INSTRUCTIONS FOR THE TASK: Restate the full listing word for word; images stay out of it.

GIVEN INFORMATION:
*** Begin section ***

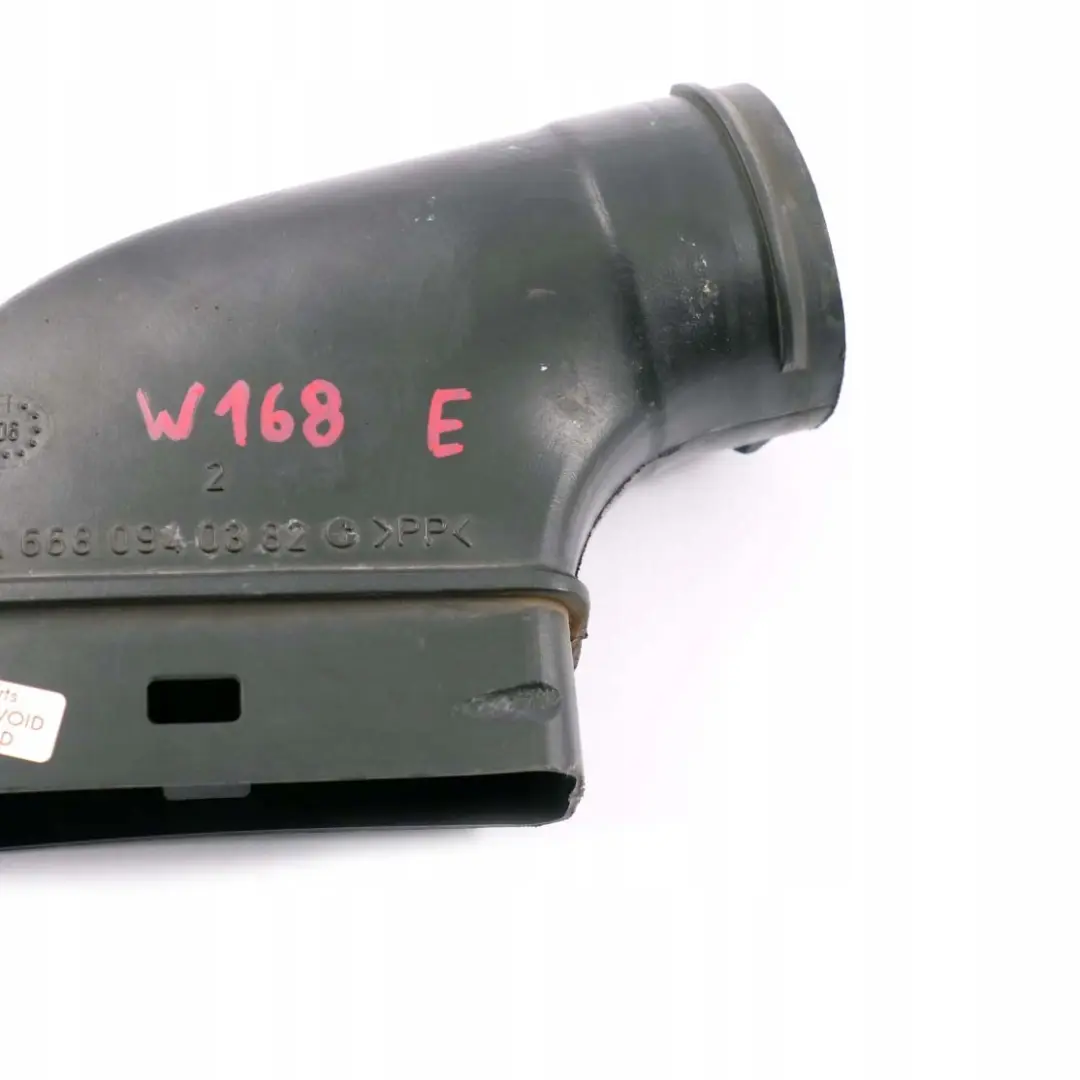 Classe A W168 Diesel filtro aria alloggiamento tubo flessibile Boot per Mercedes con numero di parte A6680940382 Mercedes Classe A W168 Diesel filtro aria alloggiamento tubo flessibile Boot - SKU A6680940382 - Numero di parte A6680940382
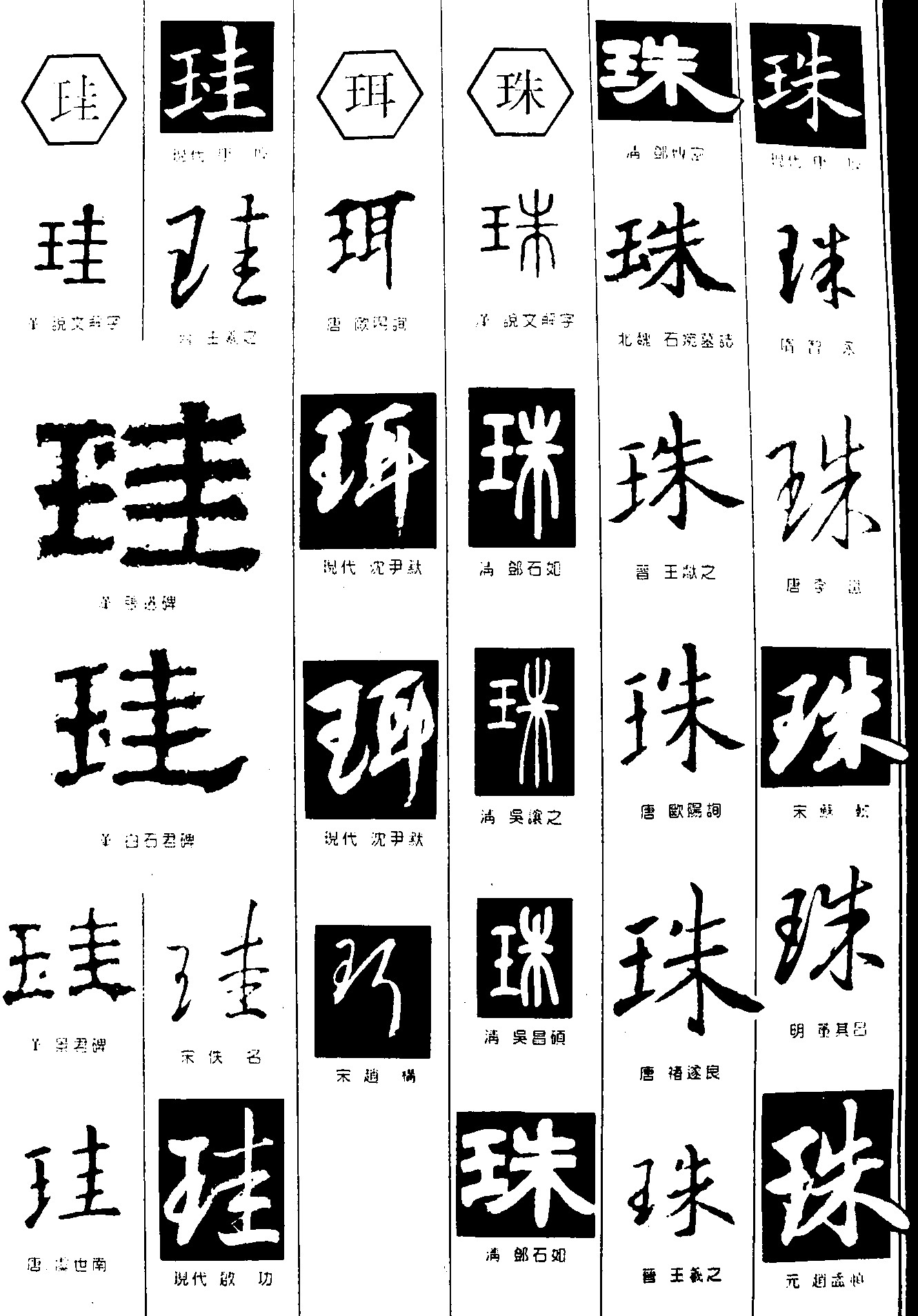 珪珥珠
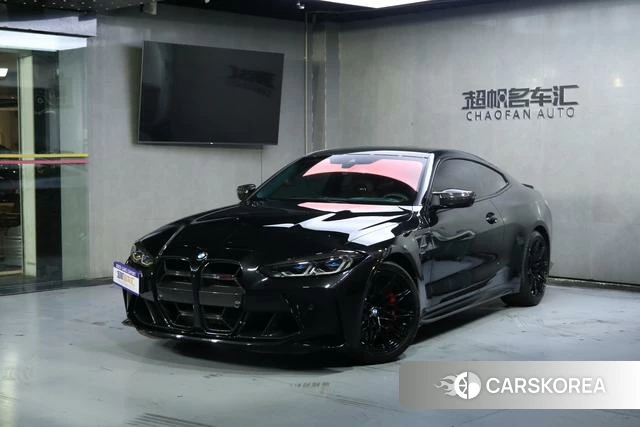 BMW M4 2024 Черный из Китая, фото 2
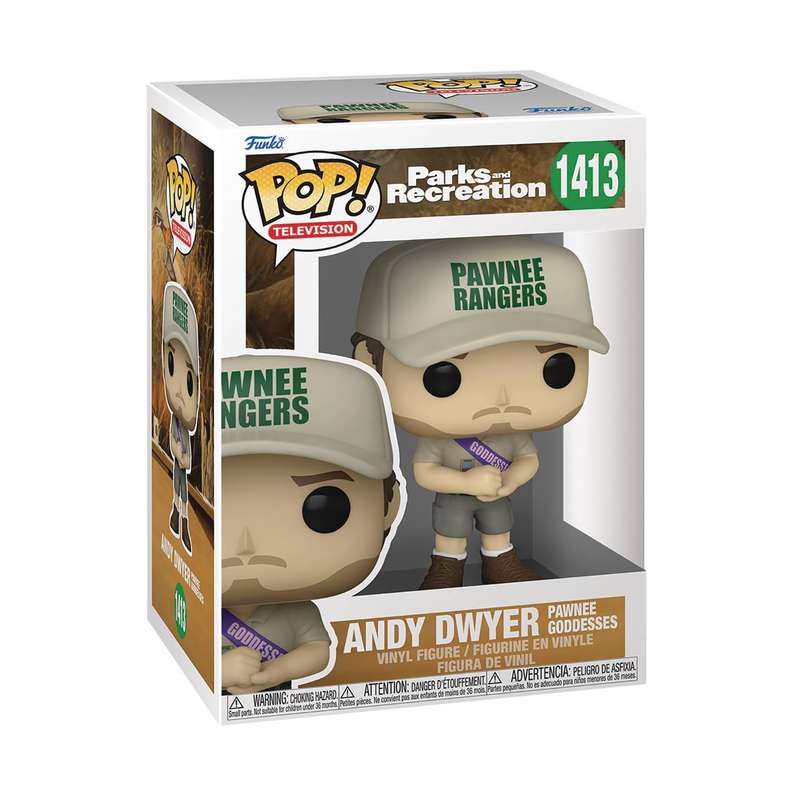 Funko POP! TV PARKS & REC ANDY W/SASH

*** End section ***

ANSWER SPACE:
 Classe A W168 Diesel filtro aria alloggiamento tubo flessibile Boot per Mercedes con numero di parte A6680940382 Mercedes Classe A W168 Diesel filtro aria alloggiamento tubo flessibile Boot - SKU A6680940382 - Numero di parte A6680940382
 珪珥珠
 BMW M4 2024 Черный из Китая, фото 2
 Funko POP! TV PARKS & REC ANDY W/SASH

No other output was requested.